Hugh Broomall is the Deputy Superintendent for Red Clay. Holding the role since 2010, his experience with the district stretches back to 2004. Broomall began his education career as a special education teacher at the Au Clair school in 1993. Two years later he went to the Terry Children’s Center as a special education teacher from 1995 to 2002. Broomall took on a leadership role as the Assistant Principal at the Charlton School in the Caesar Rodney School District from 2002 to 2004. He came to Red Clay in 2004 as the Principal of the Meadowood Program. Broomall plunged into district work, first as the Manager of Human Resources from 2008-2009 and then as Assistant Superintendent from 2009-2010.
Broomall describes his current role as follows:
Manage a $148 million portfolio of educational programs and
services reaching 18,000 students from pre-k to post-high school.
Oversee 1,900 employees and 30 schools including traditional
elementary and secondary schools, special education, magnets,
charters and adult education.
Administer over 2/3 of the district’s operating budget with
responsibility for state and federal funding streams (Title I, Title II,
Title III), IDEA, Perkins, Race to the Top, Tuition-Based Programs,
Match Tax, school budgets and department budgets.
Served on core planning team for a successful $119 million capital
referendum. Authored the district’s strategic plan. Established a
school improvement office that has turned around 2 persistently
low-achieving schools in just 2 years. Acted as interim director of
the Curriculum & Instruction department for 8 months.
Broomall’s summary on LinkedIn says:
As an educational leader with over 21 years of experience in Delaware as a teacher, a building principal and today, a district leader, I understand the challenges to moving student achievement forward while also navigating the state’s complex education system, adjusting to changes in resources, and engaging the community in an effort to be an innovative school system that delivers academic excellence to all students. …
Dorrell Green is the current Director of Innovation and Improvement for the Delaware Department of Education, a role he has held since August 2017. He began his career as a 6th grade teacher at Bancroft Elementary in the Christina School District in 2000. From there he spent a year as a 4th grade teacher at Stubbs. Green began his leadership leader as the Dean of Students at Stubbs for two years until 2004. The next four years were spent at Bayard Elementary School as Assistant Principal from 2004-2006 and Principal from 2006-2008. From there he moved to Brandywine as Principal of Harlan Elementary School for three and a half years until he took on the role of Director of Elementary Education and Federal Title I Programs at a district level in 2011. That role catapulted Green to the Assistant Superintendent position which he served as until his appointment with the Delaware DOE.

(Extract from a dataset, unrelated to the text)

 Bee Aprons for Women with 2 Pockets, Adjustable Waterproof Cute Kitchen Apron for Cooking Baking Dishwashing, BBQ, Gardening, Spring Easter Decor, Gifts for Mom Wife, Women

Green describes his current role as:
Support School Improvement Efforts via priority schools initiative and Every Student Succeeds Act (ESSA).
Coordinate implementation of best practices that are proven to support school improvement efforts; research based best practices that are being implemented locally, statewide, regionally and when necessary national models that demonstrate outcome oriented success for urban education.
Convene districts, school leaders and community partners to support schools and families.
Supporting Compassionate Connections and Trauma-Informed Learning/Teaching
Which one will lead Red Clay? Time will tell. The board will vote on February 13th!